[Crawled caption data]

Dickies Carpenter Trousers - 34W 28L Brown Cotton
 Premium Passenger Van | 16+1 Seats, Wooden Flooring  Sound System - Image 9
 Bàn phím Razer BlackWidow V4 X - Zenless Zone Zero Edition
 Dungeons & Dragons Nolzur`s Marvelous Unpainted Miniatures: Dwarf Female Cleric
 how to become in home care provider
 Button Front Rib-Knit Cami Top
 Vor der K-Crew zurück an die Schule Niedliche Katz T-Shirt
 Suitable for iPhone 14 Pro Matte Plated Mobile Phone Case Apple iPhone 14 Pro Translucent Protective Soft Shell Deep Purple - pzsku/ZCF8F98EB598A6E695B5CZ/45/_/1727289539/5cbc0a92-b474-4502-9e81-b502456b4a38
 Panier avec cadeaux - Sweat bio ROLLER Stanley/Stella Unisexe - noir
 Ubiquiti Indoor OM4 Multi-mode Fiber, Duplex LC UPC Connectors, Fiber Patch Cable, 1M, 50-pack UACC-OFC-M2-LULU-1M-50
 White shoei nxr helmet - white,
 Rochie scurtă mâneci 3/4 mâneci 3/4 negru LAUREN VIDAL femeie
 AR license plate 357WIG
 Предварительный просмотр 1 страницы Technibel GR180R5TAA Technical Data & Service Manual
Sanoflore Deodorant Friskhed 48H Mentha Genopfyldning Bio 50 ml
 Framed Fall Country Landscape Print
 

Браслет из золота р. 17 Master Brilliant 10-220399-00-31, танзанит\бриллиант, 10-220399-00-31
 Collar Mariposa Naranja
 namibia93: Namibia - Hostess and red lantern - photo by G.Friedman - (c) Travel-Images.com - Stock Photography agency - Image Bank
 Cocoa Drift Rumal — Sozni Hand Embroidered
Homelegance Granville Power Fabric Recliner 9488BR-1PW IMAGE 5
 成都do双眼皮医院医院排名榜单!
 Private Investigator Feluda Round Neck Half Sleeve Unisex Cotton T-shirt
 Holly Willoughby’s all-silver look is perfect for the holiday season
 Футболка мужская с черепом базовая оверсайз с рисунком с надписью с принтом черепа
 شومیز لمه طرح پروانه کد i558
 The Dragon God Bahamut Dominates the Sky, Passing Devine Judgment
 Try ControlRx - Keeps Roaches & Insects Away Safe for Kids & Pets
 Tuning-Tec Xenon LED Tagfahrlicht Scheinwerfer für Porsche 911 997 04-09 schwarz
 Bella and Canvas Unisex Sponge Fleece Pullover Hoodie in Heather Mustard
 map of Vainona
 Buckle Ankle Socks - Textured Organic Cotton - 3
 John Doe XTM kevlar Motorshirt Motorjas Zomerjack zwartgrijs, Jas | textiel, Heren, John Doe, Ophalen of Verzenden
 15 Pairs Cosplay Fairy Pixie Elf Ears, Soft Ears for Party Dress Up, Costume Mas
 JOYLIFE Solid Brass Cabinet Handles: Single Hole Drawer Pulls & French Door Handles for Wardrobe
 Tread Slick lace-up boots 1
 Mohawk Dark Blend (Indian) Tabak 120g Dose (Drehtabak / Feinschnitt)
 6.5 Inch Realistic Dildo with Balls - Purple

__Exercise__.
All records should be written out again exactly as given.

__Task result__.
Dickies Carpenter Trousers - 34W 28L Brown Cotton
 Premium Passenger Van | 16+1 Seats, Wooden Flooring  Sound System - Image 9
 Bàn phím Razer BlackWidow V4 X - Zenless Zone Zero Edition
 Dungeons & Dragons Nolzur`s Marvelous Unpainted Miniatures: Dwarf Female Cleric
 how to become in home care provider
 Button Front Rib-Knit Cami Top
 Vor der K-Crew zurück an die Schule Niedliche Katz T-Shirt
 Suitable for iPhone 14 Pro Matte Plated Mobile Phone Case Apple iPhone 14 Pro Translucent Protective Soft Shell Deep Purple - pzsku/ZCF8F98EB598A6E695B5CZ/45/_/1727289539/5cbc0a92-b474-4502-9e81-b502456b4a38
 Panier avec cadeaux - Sweat bio ROLLER Stanley/Stella Unisexe - noir
 Ubiquiti Indoor OM4 Multi-mode Fiber, Duplex LC UPC Connectors, Fiber Patch Cable, 1M, 50-pack UACC-OFC-M2-LULU-1M-50
 White shoei nxr helmet - white,
 Rochie scurtă mâneci 3/4 mâneci 3/4 negru LAUREN VIDAL femeie
 AR license plate 357WIG
 Предварительный просмотр 1 страницы Technibel GR180R5TAA Technical Data & Service Manual
Sanoflore Deodorant Friskhed 48H Mentha Genopfyldning Bio 50 ml
 Framed Fall Country Landscape Print
 

Браслет из золота р. 17 Master Brilliant 10-220399-00-31, танзанит\бриллиант, 10-220399-00-31
 Collar Mariposa Naranja
 namibia93: Namibia - Hostess and red lantern - photo by G.Friedman - (c) Travel-Images.com - Stock Photography agency - Image Bank
 Cocoa Drift Rumal — Sozni Hand Embroidered
Homelegance Granville Power Fabric Recliner 9488BR-1PW IMAGE 5
 成都do双眼皮医院医院排名榜单!
 Private Investigator Feluda Round Neck Half Sleeve Unisex Cotton T-shirt
 Holly Willoughby’s all-silver look is perfect for the holiday season
 Футболка мужская с черепом базовая оверсайз с рисунком с надписью с принтом черепа
 شومیز لمه طرح پروانه کد i558
 The Dragon God Bahamut Dominates the Sky, Passing Devine Judgment
 Try ControlRx - Keeps Roaches & Insects Away Safe for Kids & Pets
 Tuning-Tec Xenon LED Tagfahrlicht Scheinwerfer für Porsche 911 997 04-09 schwarz
 Bella and Canvas Unisex Sponge Fleece Pullover Hoodie in Heather Mustard
 map of Vainona
 Buckle Ankle Socks - Textured Organic Cotton - 3
 John Doe XTM kevlar Motorshirt Motorjas Zomerjack zwartgrijs, Jas | textiel, Heren, John Doe, Ophalen of Verzenden
 15 Pairs Cosplay Fairy Pixie Elf Ears, Soft Ears for Party Dress Up, Costume Mas
 JOYLIFE Solid Brass Cabinet Handles: Single Hole Drawer Pulls & French Door Handles for Wardrobe
 Tread Slick lace-up boots 1
 Mohawk Dark Blend (Indian) Tabak 120g Dose (Drehtabak / Feinschnitt)
 6.5 Inch Realistic Dildo with Balls - Purple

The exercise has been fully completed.